Number of lenders offering interest-only almost trebles in six years
Interest only making a comeback, long-term fixes on the rise and why millennials are buddying up. It's all in this fortnight's mortgage roundup.
June 7, 2018
The return of interest-only?
They’re not exactly the darlings of the mortgage industry but interest-only mortgage may be set for a come back as more lenders look to offer the controversial products.
According to Moneyfacts while the number of homeowners with an interest-only mortgage has almost halved over the last six years, the number of lenders offering an interest-only option has increased by eight in two years. Compared to last year, there are now four more lenders operating in this market, bringing the total to 33 (up from just 12 in 2012).

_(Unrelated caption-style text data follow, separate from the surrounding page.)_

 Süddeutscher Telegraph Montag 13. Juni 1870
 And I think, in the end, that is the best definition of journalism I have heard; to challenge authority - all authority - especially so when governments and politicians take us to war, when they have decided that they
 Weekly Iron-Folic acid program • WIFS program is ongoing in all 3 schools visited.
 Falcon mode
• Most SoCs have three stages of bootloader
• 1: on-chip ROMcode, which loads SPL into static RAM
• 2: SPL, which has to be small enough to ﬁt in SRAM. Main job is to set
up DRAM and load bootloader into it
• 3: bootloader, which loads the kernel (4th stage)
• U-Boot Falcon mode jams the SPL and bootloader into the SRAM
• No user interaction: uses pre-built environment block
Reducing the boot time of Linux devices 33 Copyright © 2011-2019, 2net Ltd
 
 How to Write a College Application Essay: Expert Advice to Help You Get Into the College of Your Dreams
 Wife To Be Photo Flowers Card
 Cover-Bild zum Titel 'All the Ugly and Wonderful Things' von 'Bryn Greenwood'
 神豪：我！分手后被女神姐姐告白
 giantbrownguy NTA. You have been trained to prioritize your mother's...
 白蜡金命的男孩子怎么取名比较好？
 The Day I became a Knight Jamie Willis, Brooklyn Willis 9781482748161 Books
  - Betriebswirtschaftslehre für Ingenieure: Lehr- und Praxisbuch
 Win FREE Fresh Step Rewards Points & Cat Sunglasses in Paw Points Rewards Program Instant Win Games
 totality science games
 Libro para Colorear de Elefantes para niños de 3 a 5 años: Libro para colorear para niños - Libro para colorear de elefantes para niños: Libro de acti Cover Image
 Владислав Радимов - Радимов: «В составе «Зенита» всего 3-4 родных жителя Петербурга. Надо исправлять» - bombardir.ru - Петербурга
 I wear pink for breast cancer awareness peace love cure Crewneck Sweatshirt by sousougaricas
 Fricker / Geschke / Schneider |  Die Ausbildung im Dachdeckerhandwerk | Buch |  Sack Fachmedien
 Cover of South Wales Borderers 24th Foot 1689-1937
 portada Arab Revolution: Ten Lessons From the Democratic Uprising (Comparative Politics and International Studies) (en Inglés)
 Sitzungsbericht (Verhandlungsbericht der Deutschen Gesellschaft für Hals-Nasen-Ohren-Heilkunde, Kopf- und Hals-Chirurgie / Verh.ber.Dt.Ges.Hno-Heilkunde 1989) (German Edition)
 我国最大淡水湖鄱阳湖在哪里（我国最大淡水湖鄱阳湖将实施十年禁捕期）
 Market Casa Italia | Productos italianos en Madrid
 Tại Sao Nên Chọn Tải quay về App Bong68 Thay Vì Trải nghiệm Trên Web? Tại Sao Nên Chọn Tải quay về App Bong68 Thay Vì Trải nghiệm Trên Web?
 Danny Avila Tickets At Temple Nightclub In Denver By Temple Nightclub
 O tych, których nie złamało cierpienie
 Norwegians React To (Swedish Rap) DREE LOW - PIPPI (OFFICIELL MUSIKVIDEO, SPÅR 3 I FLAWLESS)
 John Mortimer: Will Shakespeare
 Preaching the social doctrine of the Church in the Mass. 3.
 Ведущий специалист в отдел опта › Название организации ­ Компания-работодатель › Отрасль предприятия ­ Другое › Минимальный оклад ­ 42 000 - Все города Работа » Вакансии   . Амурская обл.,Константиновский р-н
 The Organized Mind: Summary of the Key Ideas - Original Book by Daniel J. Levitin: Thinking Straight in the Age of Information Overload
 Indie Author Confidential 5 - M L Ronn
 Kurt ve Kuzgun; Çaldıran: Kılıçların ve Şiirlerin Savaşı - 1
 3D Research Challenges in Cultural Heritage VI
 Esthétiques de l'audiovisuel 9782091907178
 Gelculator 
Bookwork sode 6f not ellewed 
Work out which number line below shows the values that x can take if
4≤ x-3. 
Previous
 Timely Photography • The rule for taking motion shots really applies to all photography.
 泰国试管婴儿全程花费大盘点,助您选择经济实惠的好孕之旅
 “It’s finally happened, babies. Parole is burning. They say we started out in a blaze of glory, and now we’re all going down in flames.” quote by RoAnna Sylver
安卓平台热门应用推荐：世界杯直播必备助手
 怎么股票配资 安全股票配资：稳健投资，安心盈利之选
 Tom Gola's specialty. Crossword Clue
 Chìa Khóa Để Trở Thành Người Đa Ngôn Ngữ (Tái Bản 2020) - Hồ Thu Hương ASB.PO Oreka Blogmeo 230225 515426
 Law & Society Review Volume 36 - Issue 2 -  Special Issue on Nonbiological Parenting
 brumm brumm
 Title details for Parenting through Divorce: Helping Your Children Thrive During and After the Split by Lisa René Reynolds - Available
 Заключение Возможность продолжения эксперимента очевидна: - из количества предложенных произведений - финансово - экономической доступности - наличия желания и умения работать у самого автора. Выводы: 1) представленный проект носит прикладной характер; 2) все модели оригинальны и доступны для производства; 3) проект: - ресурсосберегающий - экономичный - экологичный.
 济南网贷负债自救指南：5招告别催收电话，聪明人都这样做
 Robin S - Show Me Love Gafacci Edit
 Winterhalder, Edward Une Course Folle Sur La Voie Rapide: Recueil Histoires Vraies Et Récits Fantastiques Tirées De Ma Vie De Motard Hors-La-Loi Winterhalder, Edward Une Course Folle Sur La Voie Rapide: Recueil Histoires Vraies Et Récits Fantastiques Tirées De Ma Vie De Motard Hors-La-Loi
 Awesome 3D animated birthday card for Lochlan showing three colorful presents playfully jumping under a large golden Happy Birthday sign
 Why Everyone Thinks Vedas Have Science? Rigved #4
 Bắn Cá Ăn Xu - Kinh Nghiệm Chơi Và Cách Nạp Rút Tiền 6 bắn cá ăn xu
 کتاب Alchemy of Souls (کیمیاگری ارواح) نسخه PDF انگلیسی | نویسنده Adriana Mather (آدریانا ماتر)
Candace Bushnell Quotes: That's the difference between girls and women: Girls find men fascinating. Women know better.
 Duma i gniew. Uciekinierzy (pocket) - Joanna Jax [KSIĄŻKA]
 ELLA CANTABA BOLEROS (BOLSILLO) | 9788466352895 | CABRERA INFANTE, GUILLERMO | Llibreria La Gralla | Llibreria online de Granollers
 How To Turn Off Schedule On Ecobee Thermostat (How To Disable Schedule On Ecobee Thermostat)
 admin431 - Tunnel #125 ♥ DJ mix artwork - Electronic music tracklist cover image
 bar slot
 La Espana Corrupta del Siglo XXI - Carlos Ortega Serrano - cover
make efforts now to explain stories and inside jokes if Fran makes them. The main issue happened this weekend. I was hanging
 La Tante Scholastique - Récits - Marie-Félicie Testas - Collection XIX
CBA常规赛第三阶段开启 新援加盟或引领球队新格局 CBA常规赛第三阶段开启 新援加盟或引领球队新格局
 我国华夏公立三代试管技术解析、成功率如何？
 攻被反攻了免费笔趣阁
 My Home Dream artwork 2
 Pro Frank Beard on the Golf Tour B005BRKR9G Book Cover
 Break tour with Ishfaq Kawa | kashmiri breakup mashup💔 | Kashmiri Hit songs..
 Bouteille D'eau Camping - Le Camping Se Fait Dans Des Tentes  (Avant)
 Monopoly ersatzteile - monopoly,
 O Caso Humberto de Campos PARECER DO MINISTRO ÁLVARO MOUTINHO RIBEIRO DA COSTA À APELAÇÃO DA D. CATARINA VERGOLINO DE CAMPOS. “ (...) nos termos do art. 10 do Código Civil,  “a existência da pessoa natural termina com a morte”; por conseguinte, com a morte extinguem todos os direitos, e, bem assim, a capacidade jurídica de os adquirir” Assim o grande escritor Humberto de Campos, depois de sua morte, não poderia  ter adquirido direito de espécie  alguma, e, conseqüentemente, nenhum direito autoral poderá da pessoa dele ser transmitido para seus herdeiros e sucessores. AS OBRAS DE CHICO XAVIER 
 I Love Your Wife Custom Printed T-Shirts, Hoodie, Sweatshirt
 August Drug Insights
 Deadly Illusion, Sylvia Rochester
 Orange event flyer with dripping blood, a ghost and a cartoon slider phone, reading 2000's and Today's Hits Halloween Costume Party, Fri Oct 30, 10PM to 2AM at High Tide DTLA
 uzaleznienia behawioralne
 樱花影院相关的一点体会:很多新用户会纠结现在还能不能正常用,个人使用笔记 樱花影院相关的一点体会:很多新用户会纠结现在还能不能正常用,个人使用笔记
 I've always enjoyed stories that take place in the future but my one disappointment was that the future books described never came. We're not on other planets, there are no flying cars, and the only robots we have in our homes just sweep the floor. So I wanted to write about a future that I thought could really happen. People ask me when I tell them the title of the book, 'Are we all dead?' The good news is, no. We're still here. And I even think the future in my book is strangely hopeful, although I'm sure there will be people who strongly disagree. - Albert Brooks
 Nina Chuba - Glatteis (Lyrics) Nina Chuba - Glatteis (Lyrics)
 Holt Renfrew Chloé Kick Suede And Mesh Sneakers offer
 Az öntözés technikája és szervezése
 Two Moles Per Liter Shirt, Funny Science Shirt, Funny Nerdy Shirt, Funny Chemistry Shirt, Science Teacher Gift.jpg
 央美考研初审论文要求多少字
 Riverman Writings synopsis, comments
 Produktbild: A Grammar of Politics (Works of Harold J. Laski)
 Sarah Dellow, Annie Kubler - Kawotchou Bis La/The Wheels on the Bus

Charlotte Nelson, finance expert at Moneyfacts.co.uk, says: “While the interest-only mortgage road has been and still is turbulent, there is confidence among some lenders, as the number of providers offering an interest-only option has increased.”
In it for the long-term
Demand for longer-term remortgages is rising once again after dipping in the first three months of the year. According to latest figures from LMS 47% of the total remortgage demand in April was for five-year fixed rate deals, up from 36% the previous month and 13% higher than in April last year.
Nick Chadbourne, chief executive of LMS, said: “The popularity of five-year fixed rate deals rebounded in April, having dipped in the first three months of the year. Lenders are eager to attract longer-term business which has created a competitive landscape for customers.”
This has ensured five-year average rates have remained relatively flat month-on-month. As more borrowers seek independent advice when remortgaging, the market is reacting quickly to the shifts in headline rates.
A friend in Deeds
The number of millennials considering buying a property with friends or siblings is on the rise, according to new research from M&S Bank.
The study, which surveyed 5,000 people across the UK, found 60% of people aged 18-35 said they would consider taking out a mortgage as a group to make home ownership a reality (compared to 26% of people aged over 36). What’s more, a fifth (20%) of people aged 18-35 do not believe they will ever be in a position to own their own home, with a mortgage for up to four being their only option to realise their property dreams.
Paul Stokes, head of products at M&S Bank, says:
“For many, homeownership appears possible only through sacrificing certain aspects of their current lifestyle – be that moving to a different area, moving to a smaller property than they’re renting, or seeing their disposable income take a significant hit.”
But our research has shown that millennials are keen for an alternative option – and joint home ownership is one of them – from housemate to mortgage-mate is a natural progression which can enable more people to achieve the otherwise unattainable – their dream of property ownership.